### PROBLEM STATEMENT
A verbatim copy of all the data is required, minus any images.

### DATASET EXTRACT
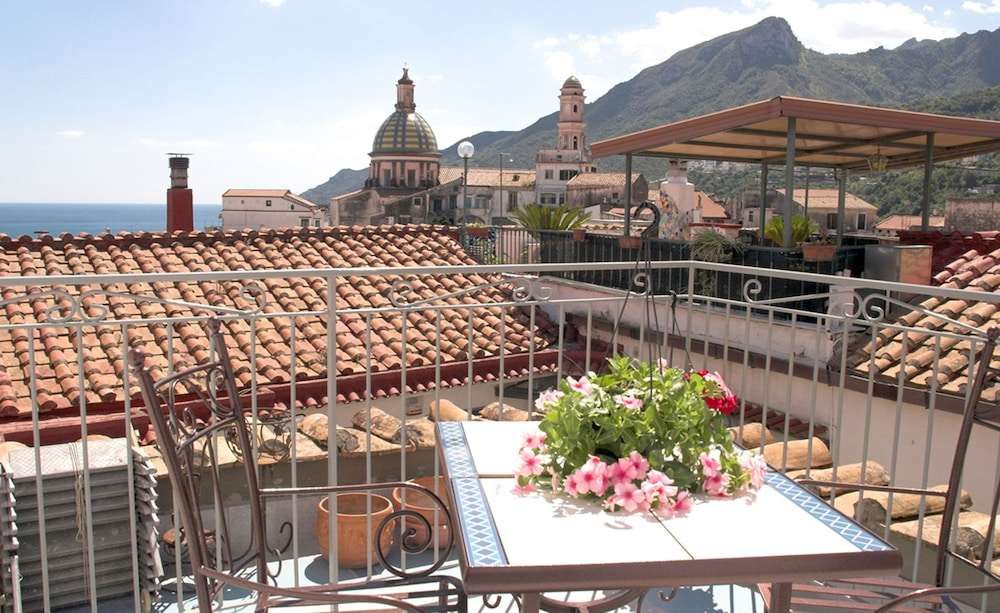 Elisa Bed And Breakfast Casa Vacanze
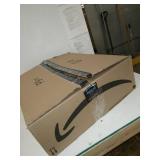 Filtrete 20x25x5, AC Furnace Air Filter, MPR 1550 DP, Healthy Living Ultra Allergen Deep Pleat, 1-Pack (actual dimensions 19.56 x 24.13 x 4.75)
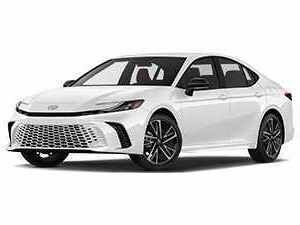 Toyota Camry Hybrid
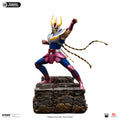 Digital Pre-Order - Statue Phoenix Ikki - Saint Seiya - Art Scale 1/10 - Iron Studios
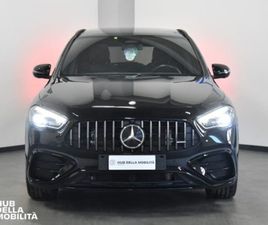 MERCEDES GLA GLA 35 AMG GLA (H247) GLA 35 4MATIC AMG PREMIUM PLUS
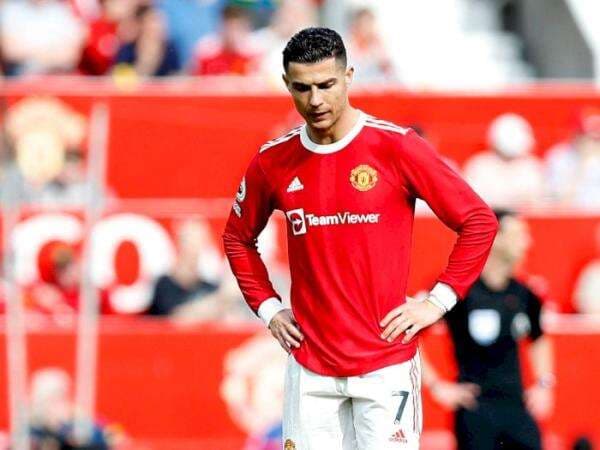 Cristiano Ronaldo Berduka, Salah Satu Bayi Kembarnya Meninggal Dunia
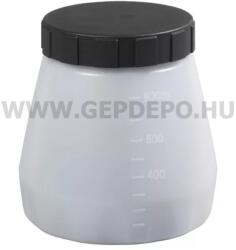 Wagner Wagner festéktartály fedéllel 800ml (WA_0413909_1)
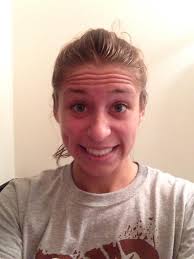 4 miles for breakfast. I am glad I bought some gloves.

### OUTPUT BELOW
 Elisa Bed And Breakfast Casa Vacanze
 Filtrete 20x25x5, AC Furnace Air Filter, MPR 1550 DP, Healthy Living Ultra Allergen Deep Pleat, 1-Pack (actual dimensions 19.56 x 24.13 x 4.75)
 Toyota Camry Hybrid
 Digital Pre-Order - Statue Phoenix Ikki - Saint Seiya - Art Scale 1/10 - Iron Studios
 MERCEDES GLA GLA 35 AMG GLA (H247) GLA 35 4MATIC AMG PREMIUM PLUS
 Cristiano Ronaldo Berduka, Salah Satu Bayi Kembarnya Meninggal Dunia
 Wagner Wagner festéktartály fedéllel 800ml (WA_0413909_1)
 4 miles for breakfast. I am glad I bought some gloves.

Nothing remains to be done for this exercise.